インターネットを利用したオンライン上の商取引(見積書、請求書、契約書)のやりとりで、Web印影を利用するのが当たり前になっているが、そもそもそれらの行為は法律的に有効なのだろうか?普段根拠を知らずに行っているなら、それらの行為が有効な根拠を法律から知ろう。商取引がWebで便利になっている分、取り扱いにも気をつけたい。
オンラインで印鑑を活用した取引は増加
「請求書に押印がないので、手配し直してもらうよう仕入先に伝えてほしい」と、経理から請求書を突き返された経験はないだろうか?
確かに、経理関係書類や契約書にハンコを押すのは商売上の常識と言えるが、最近では迅速なやりとりのために、見積書や請求書をメールだけで済ませるケースやWebで作成した印影を利用して、書類を作成する企業も増えている。
当たり前のように、オンライン上での印影を利用した商行為を行った場合、法律上の効力はそもそも発生するのだろうか?
契約書のやりとりまで拡大したときにも、オンライン上の印影を利用したやりとりは許されるのだろうか?
法律上は効力が発生し有効な書類となる
これらの問題を解決するためには、そもそも契約がどの段階で効力を持つのか?を知ることが必要になる。

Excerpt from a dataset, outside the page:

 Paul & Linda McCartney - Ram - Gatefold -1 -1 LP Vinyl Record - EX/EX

民法は「口約束」でも、93条から96条で、心裡留保、虚偽表示、錯誤、詐欺・脅迫、に当たらず、双方の合意があった場合に、契約の効力が発生することを認めている。
更に、平成12年に制定された「電子署名及び認証業務に関する法律」には、「電磁的記録であって情報を表すために作成されたものは、当該電磁的記録に記録された情報について本人による電子署名が行われているときは、真正に成立したものと推定する」という条文がある。
従って、オンライン上での印影を利用した商行為(見積書・請求書)の送付、契約の締結を行うことは、認められた行為である。

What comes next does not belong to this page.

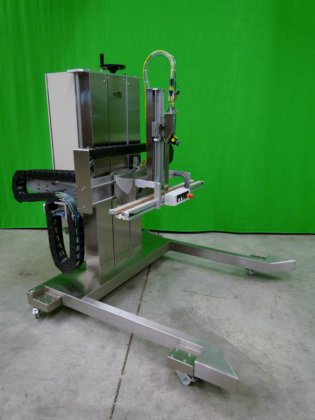Burgener ISPV-3-1100-2 用于聚乙烯袋、纸袋或铝箔复合袋的半自动焊袋机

会社の角印や実印はPDFやJPEGデータで取っておき、迅速なやりとりに活用することで、時間の効率化を図ることが可能となる。
社員に見積もりをウェブ上でやりとりさせるならば、クリップスタンプのダウンロードをしておくよう指示したり、Web認印、などを教えてあげると、時間短縮に役立つだろう。
見積もりはオンライン 契約書はなるべく実紙
とはいえ、オンライン上の見積書や請求書のやりとりで気をつけなければならないことがある。
データを改ざんされないようにすることだ。
エクセルやワードに印影を貼り付けて、取引先へデータを送ってしまうと、自分の手元を離れた印影データを勝手に利用されて、下手をすれば別の契約に使われてしまう可能性もある。
特に角印や実印を貼付した資料は、PDFなど改ざんされにくいデータへ必ず処理してから先方へ渡そう。
なお、筆者の顧問弁護士に今回の件を相談したところ、「契約書(特に金額の大きなもの)へ印影を落とす場合は、現時点なら実紙上のやりとりが一番確実な証明になる。」とのことであった。
オンラインによって商取引が効率化され便利になった分、印影の取り扱いには十分気をつけよう。